Ray Liotta avoids typecasting in art as well as in life. He’s an on-screen maniac who says he can’t imagine hurting someone in real life. He’s won acclaim for playing menacing characters in Goodfellas and Unlawful Entry as well as pop legends in The Rat Pack and Field of Dreams, yet he so enjoyed being in Muppets from Space that he just had to do Muppets Most Wanted. He’s a plain-speaking guy’s guy who says relationships are not his forte, but he is also the devoted dad of a daughter.
Now this rusty Catholic who digs Pope Francis plays a stalwart born-again preacher in The Identical (release date: September 5). It’s the fictional tale of twin boys separated in infancy. Played by spot-on Elvis impersonator Blake Raynne, one of the lads grows up to be a rock star, while the other grapples with his own musical drive versus his preacher dad’s drive to ordain him as his successor.

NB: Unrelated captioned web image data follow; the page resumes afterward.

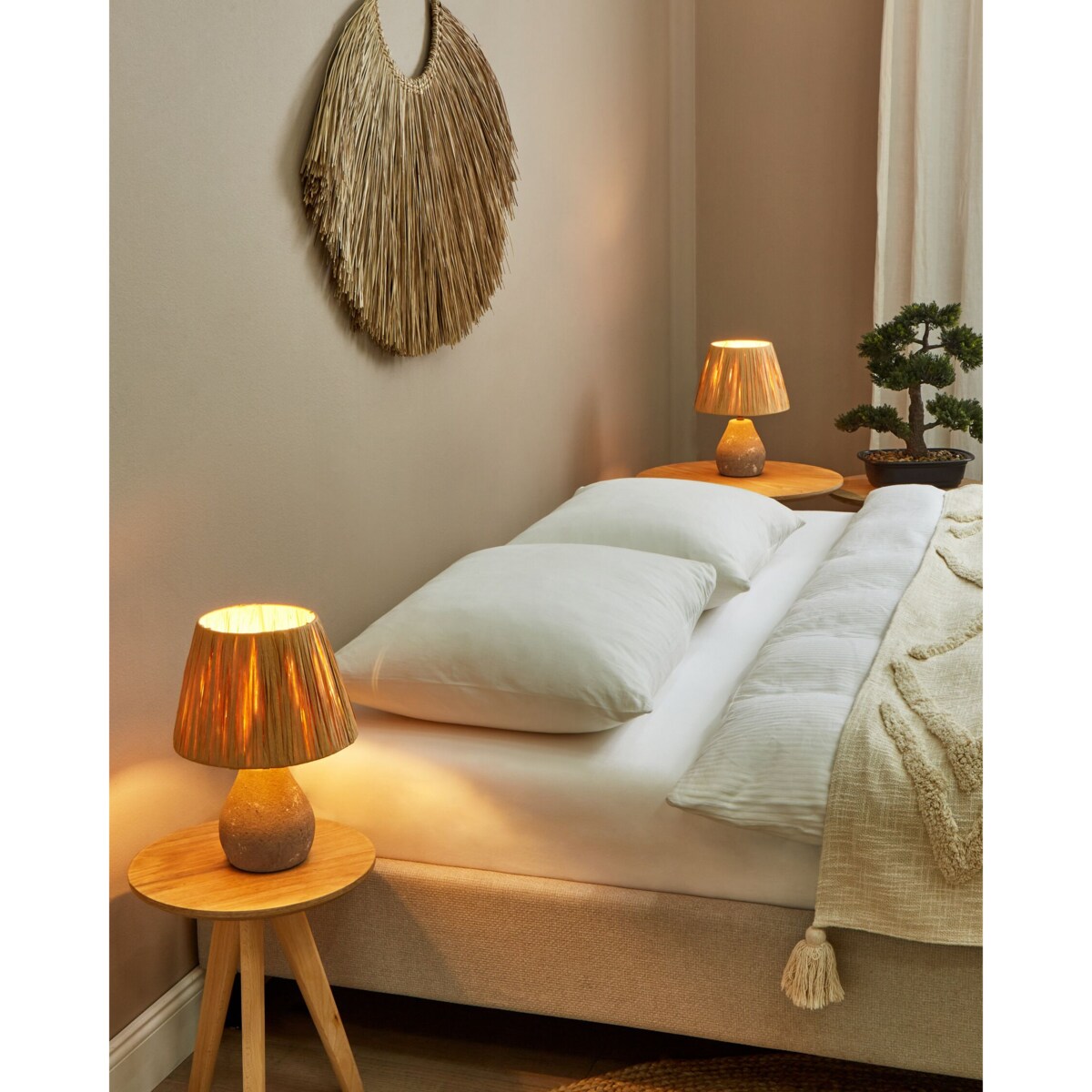 Zestaw 2 lampek nocnych ceramicznych szary ARWADITO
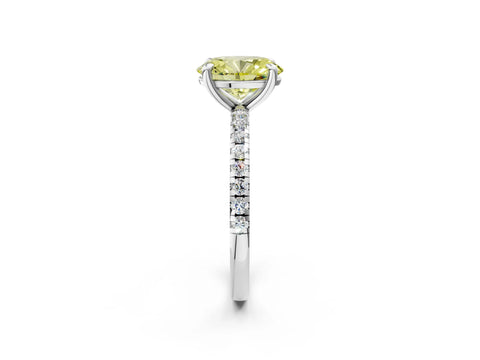 White gold Fancy Yellow Oval Cut Diamond Brilliant Solitaire Ring with Pavé Band and Four-Prong Setting_2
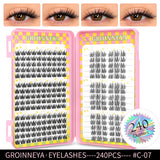 GROINNEYA Eyelashes Clusters 320 pcs Natural Eyelash extension Cluster Lashes Volume Mixed Tray Lashes Cluster Natural Lashes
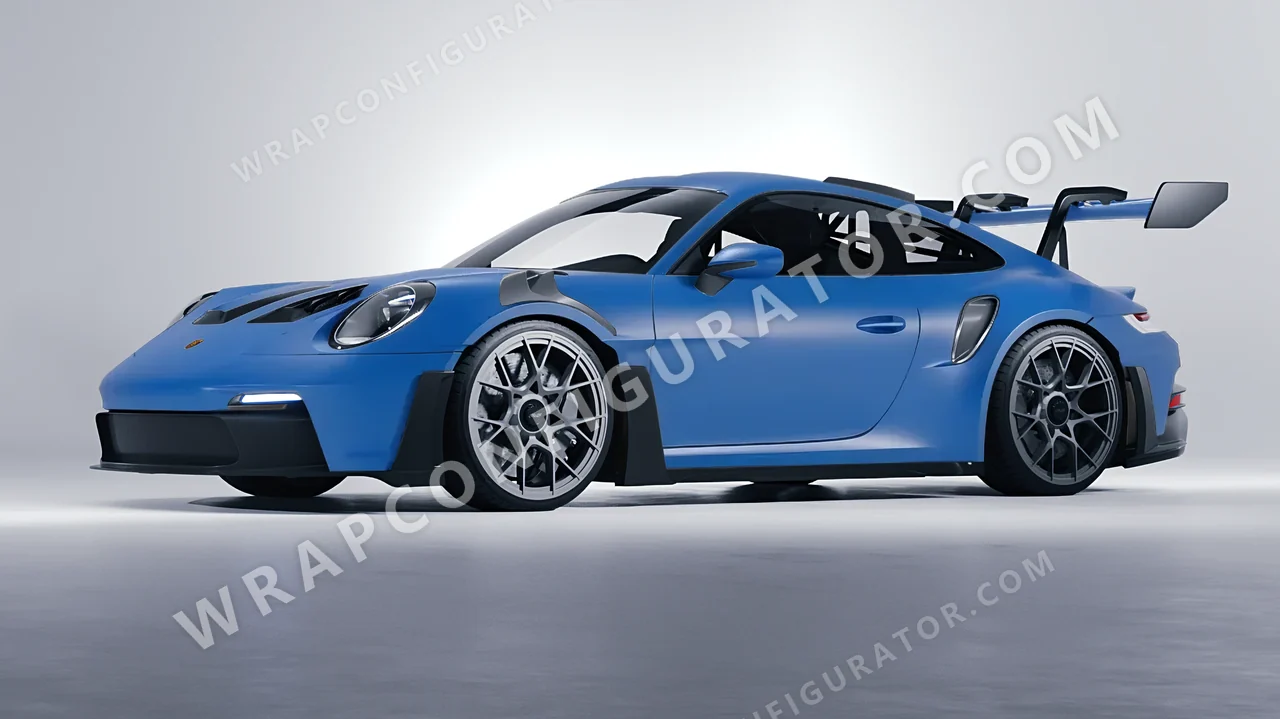 Blue Porsche 911 GT3 RS 2024 wrapped in ORACAL Fjord Blue 970RA-547M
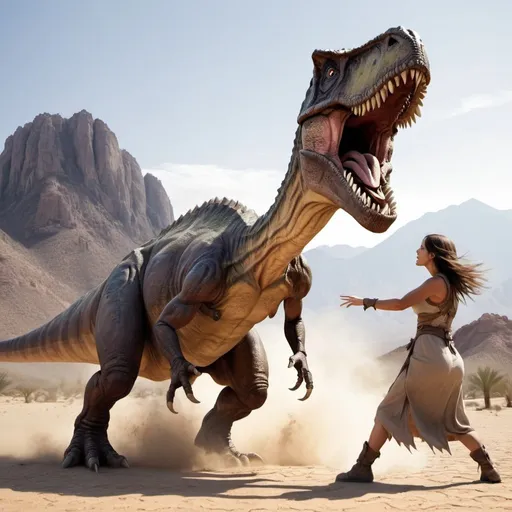 Prompt: Dinosaur fighting human female
in desert with mountain background
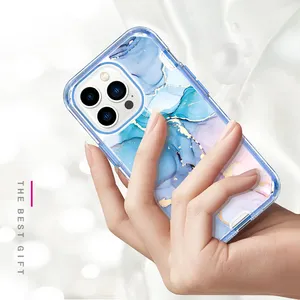 3 in 1เคสโทรศัพท์ป้องกันการกระแทกสำหรับ iPhone 16 15 PRO MAX 14 PLUS 13 Pro 12 11 Pro SE XS XR 8 + 7เคสเกราะหินอ่อนชุบ - Product Image 4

Ray gives Catholic Digest his thoughts on raising kids and storytelling, and—just as he hopes viewers of The Identical will do, he dialogues freely with us about all kinds of topics about God.
In The Identical one of the twins is given up for adoption because the family can’t afford to keep both. Could you talk about your own adoption?
I found out about it early on. I did a show-and-tell about being adopted in kindergarten. Back then, I didn’t think, Somebody really wanted me. Instead I thought, How can a mother give up their kid? I had a real chip on my shoulder about it. I met my birth mom when I was 44 years old. Then I was glad I was adopted.
In The Identical, even though adoption was shown as difficult, it was still a deeply good choice—that someone trustworthy would raise the child.
Yeah, who better than a preacher?
Your character’s conflicted, though. He’s kind of a good guy/ bad guy. He loves his adopted son, but it’s his way or the highway.
It’s very Old Testament. They were maniacs back then. God was rough!
A lot of parents can relate to your character, whatever line of work they’re in—preacher, doctor, upper class, or whatever. Have you known parents who’ve wanted to turn their kids into some version of themselves?
Oh my gosh—I live in California! You should see these mothers. Parents are more concerned with what their friends are going to say than what’s good for their kids.
You have a beautiful teenage daughter, Karsen, and you are often seen in public with her. Do you think about her all the time, or is that more of a mom thing?
No, that’s sexist. I think about her all the time. It’s not 24/7, but she’s certainly my biggest priority. She takes precedence over everything. I call her every day. I’d stop doing what I was doing in a second if she had a need or wanted to talk to me.
What are your hopes for her as her dad?
Being happy. Being content. Not being stressed, which, of course, is not totally possible—you know, life is life. I think it’s really, really big to let her form her own opinions—exactly the opposite of what I do to my son in The Identical. As a parent, you just want to set your kids up for life because, even if you have all the faith in the world, there will always be challenges. You just want them to have the ability to deal with what comes. As they say, when you pray
you never ask for anything directly you just ask God for the ability to make decisions. You hope
that your kids will make the right decisions and you thank God for the ability to make those decisions. Not: “Gimme. I want.”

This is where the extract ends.